Although we began our ride that morning as strangers, separated into our own families, we ended the day as friends. Every conversation along the route was deep and thoughtful, with explanations of why each person chose to do participate in Ride for the Living. And although every story was different, we bonded through the shared commonality of our Jewish heritage and culture. At the end of the ride, as we cycled into Krakow toward a celebration at the JCC with brightly colored balloons, cold beer and loud music, a man came up to me on the street and asked me how much money it cost to participate in the ride. My response? Not enough. There is no price-tag on the experience of connecting with others in the hope of promise for the future. I am not a religious Jew, but I take enormous pride in my identity. The Ride for the Living was overwhelming at times, and sadness overtook my joy at different points during the course of the event. But I left with a story of hope, attending a celebratory Shabbat dinner for 700 people in the center of Krakow. We will never forget what we saw and experienced, and I am most grateful to my husband for the idea and gentle nudge. It was well worth it, and more.

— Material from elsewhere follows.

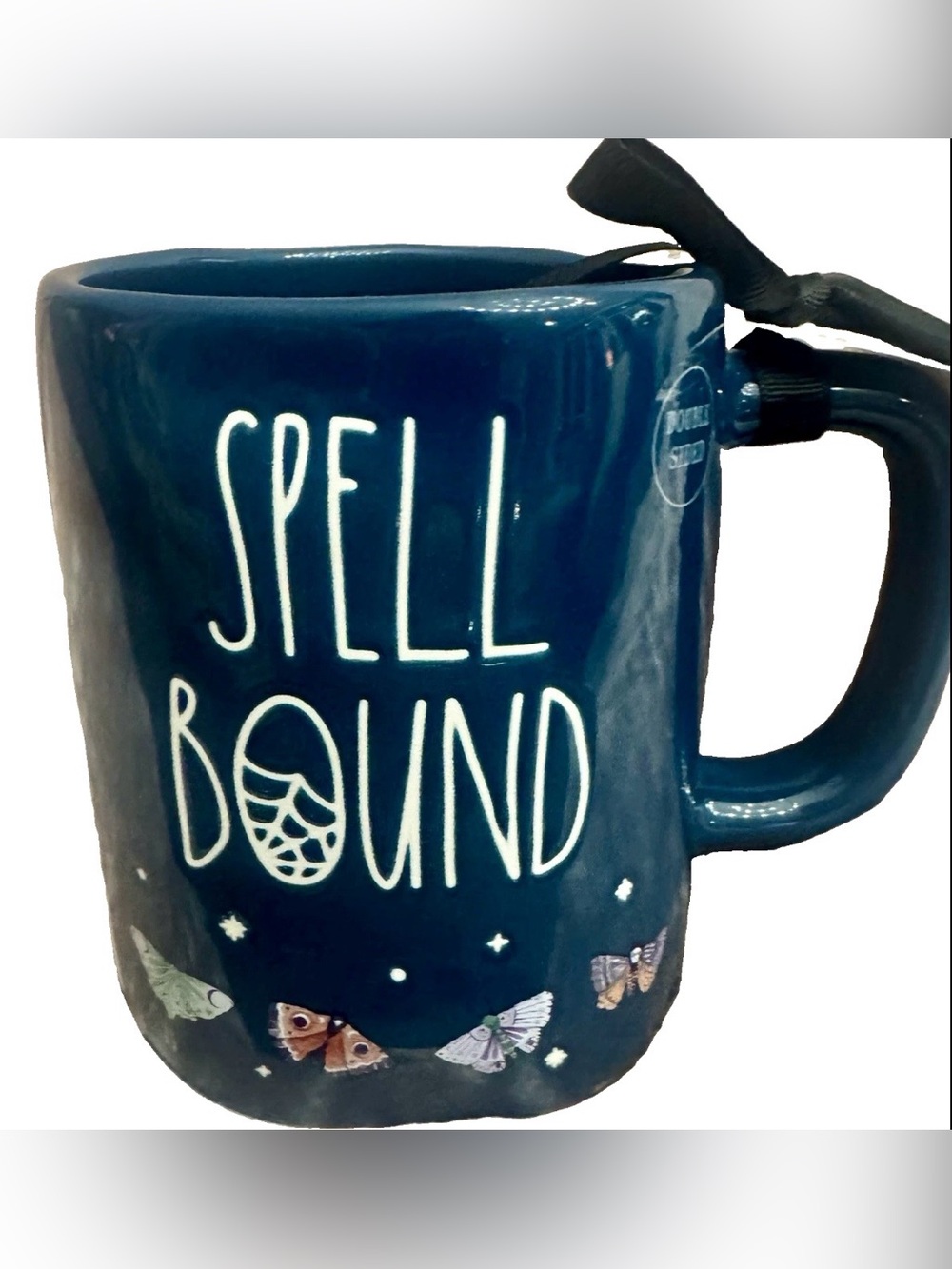 Rae Dunn Halloween Mystical Coffee Mug “Spell Bound” w/Moths & Stars NWT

My Family’s Holocaust Story

Written by JCC Denver member, Rebecca Gart.

As for my own family, my grandmother, Frances was one of four siblings living in Vienna when things started to turn horrific for Jews in Austria. Her older sister Helen and her family survived in hiding from 1938 to 1944, while her brother Dov was recruited into the British army… but her brother Max was with the Belgium resistance and was captured by the Gestapo and ultimately killed  (our 17-year-old son Max is named in his honor). My grandfather Paul’s sister Valli, survived the war by fleeing to Siberia. After the war ended, she and her husband and new son, born in 1940, emigrated to British-controlled Palestine, soon to become the new State of Israel. Paul’s brother, Arnold, fled Vienna for Greece, which was occupied by the British. But the Germans soon invaded, kicked out the British, and Arnold was captured and perished in a concentration camp. Dov, after leaving the British army, joined the Jewish army Haganah, and fought in Israel’s 1948 War of Independence. He met his wife in Israel and they had two sons.

Meanwhile, my grandparents, Paul and Frances, married in Vienna in 1937, were still there in March 1938, when Anschluss occurred (“unity” in German, meaning that German and Austria united into one country, but in truth, the German invasion of Austria was taking over the country). Everything for Jewish Austrians changed overnight, for the worse. Paul’s father was the head of a large printing company, and in June was captured by the Germans and executed, probably part of an effort by the Germans to eliminate Jews in high leadership positions.  That served as the handwriting on the wall. Paul and Frances immediately got visas to Italy, but in Milan, they realized that they could not get to their destination, America, so they returned to Vienna. They finally received visas to Switzerland, where hey applied for visas to the United States.

Finally, in 1940, with severe immigration restrictions emanating from the 1924 anti-immigration law designed mostly to keep Jews out, Paul and Frances traveled from Switzerland, across Europe to Portugal, boarded a ship, crossed the Atlantic Ocean, and arrived in the United States of America. It took them between 10 and 20 years to finally be reunited with their surviving siblings in Washington, D.C. While my grandparents and some of their family members survived the Holocaust, Paul’s father, mother and brother, and Frances’ brother and two aunts and countless other relatives of both Paul and Frances were murdered in the Holocaust, many at Auschwitz-Birkenau, where I stood earlier this summer.